### Problem to solve
All lines from the entries below that contain the string "Gold" should be copied out.

Items listed in a dataset:
————

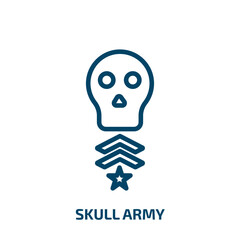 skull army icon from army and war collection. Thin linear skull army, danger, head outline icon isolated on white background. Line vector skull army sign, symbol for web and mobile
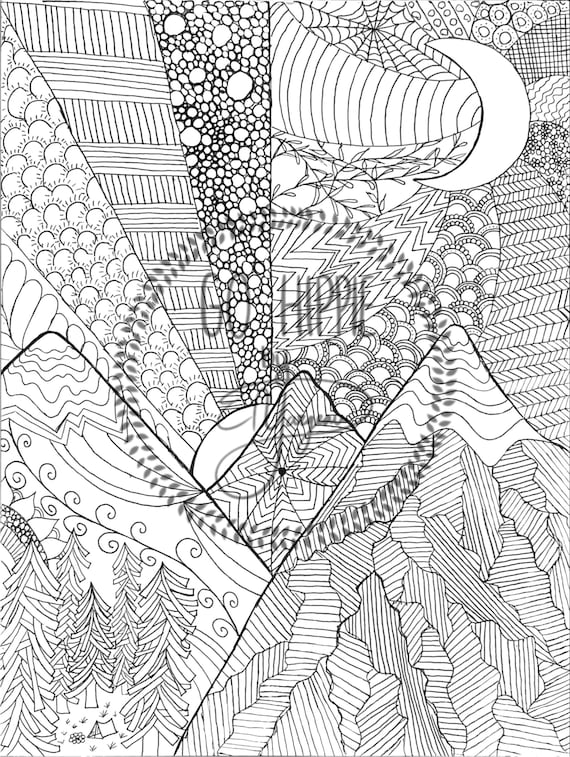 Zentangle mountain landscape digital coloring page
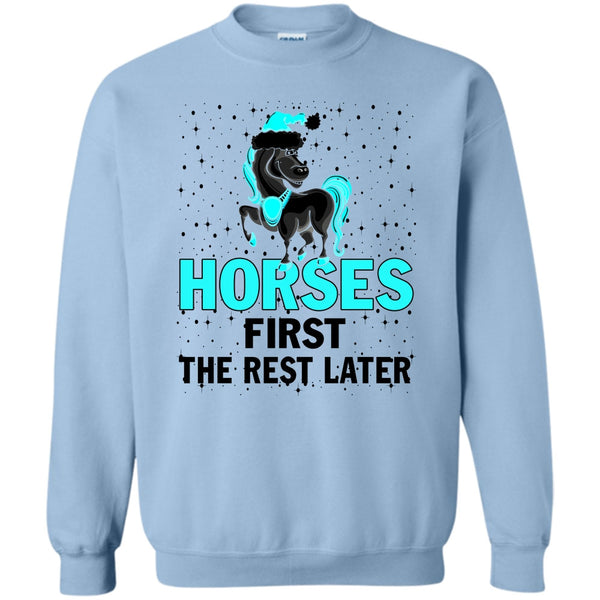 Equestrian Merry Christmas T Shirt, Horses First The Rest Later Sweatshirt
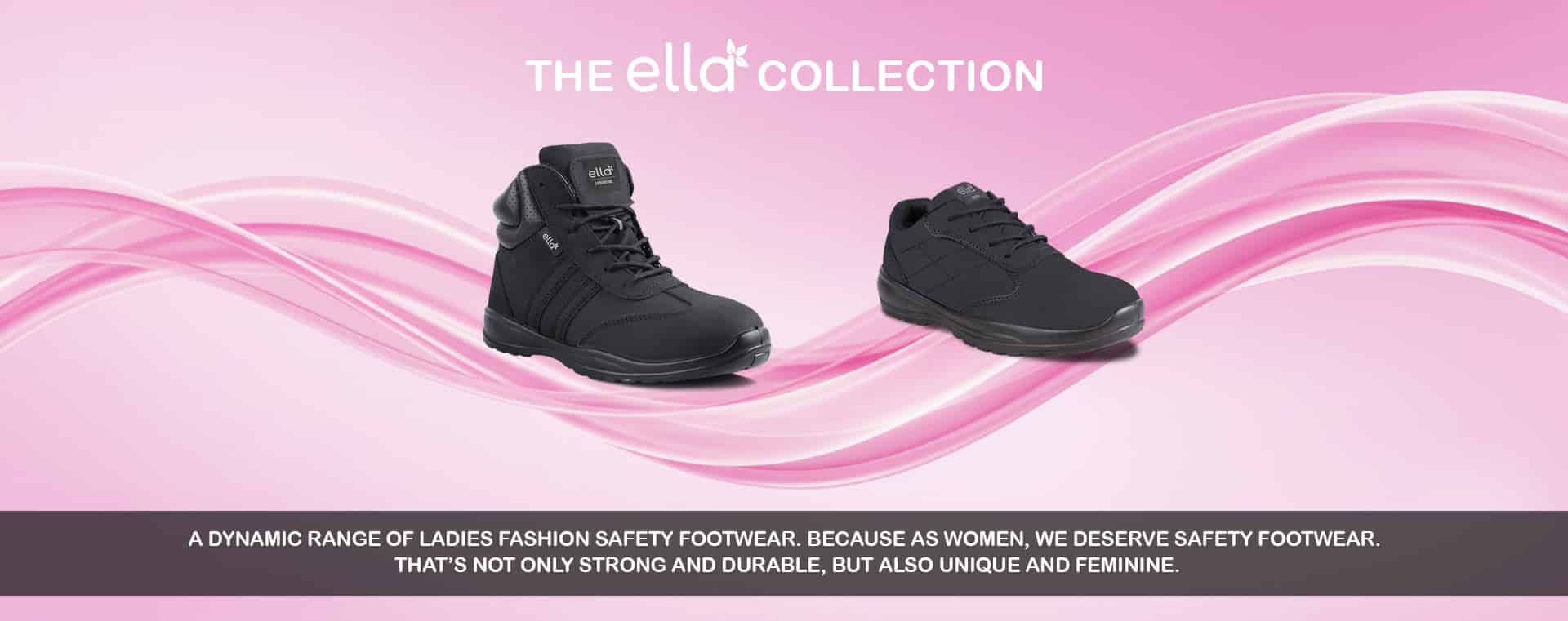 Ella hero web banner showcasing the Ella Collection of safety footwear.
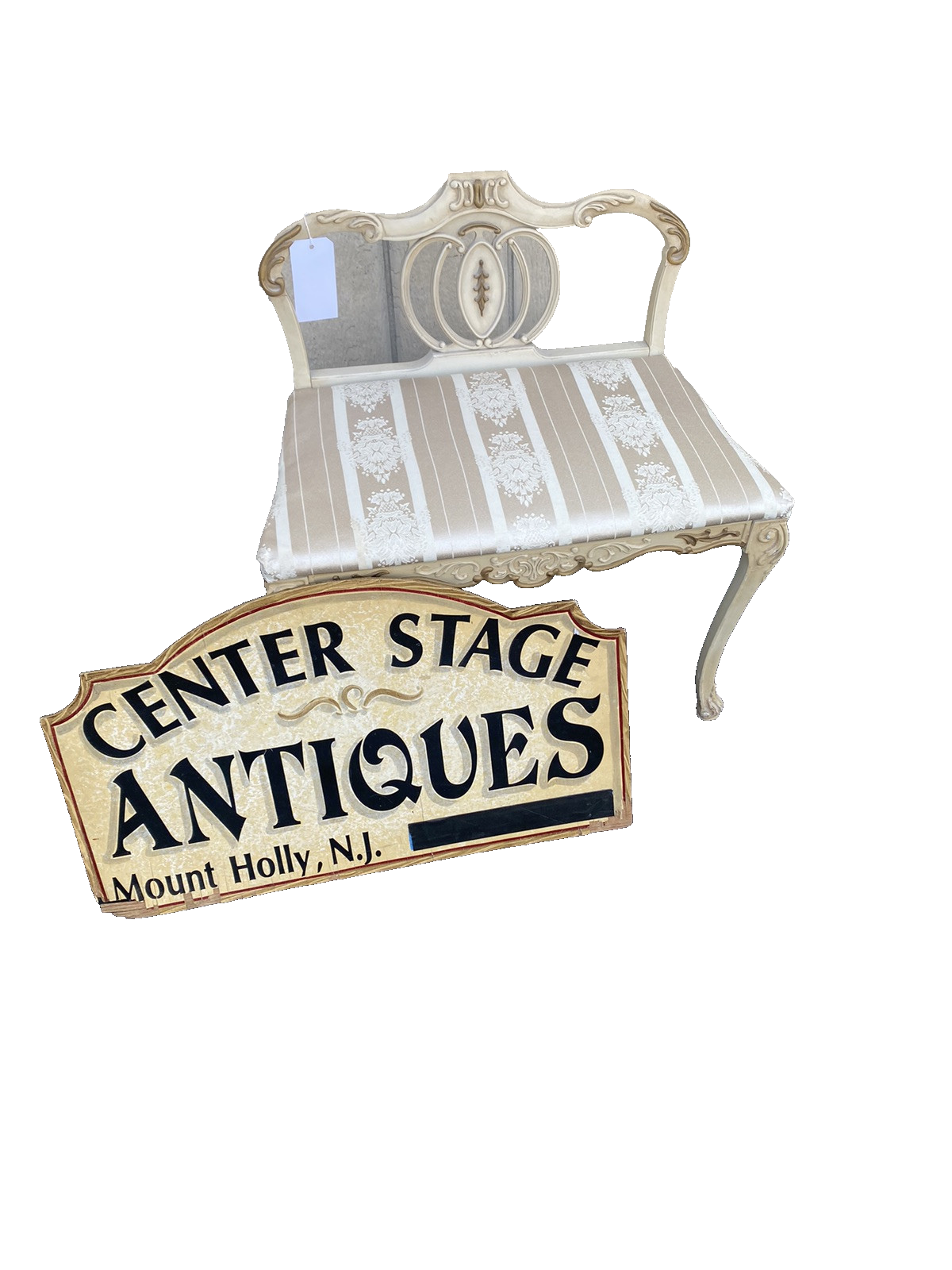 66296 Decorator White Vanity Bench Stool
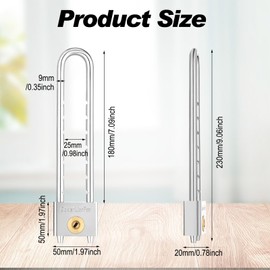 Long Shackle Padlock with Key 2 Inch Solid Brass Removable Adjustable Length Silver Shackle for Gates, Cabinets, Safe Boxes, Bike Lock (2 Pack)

————

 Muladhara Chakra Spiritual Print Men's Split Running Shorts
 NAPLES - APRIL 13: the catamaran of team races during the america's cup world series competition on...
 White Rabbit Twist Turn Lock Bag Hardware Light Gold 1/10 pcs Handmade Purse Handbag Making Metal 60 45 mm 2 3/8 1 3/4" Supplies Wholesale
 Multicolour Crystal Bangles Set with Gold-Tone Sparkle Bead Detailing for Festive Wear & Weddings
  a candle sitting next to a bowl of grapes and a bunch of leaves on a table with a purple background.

————

### Exercise result
 White Rabbit Twist Turn Lock Bag Hardware Light Gold 1/10 pcs Handmade Purse Handbag Making Metal 60 45 mm 2 3/8 1 3/4" Supplies Wholesale
 Multicolour Crystal Bangles Set with Gold-Tone Sparkle Bead Detailing for Festive Wear & Weddings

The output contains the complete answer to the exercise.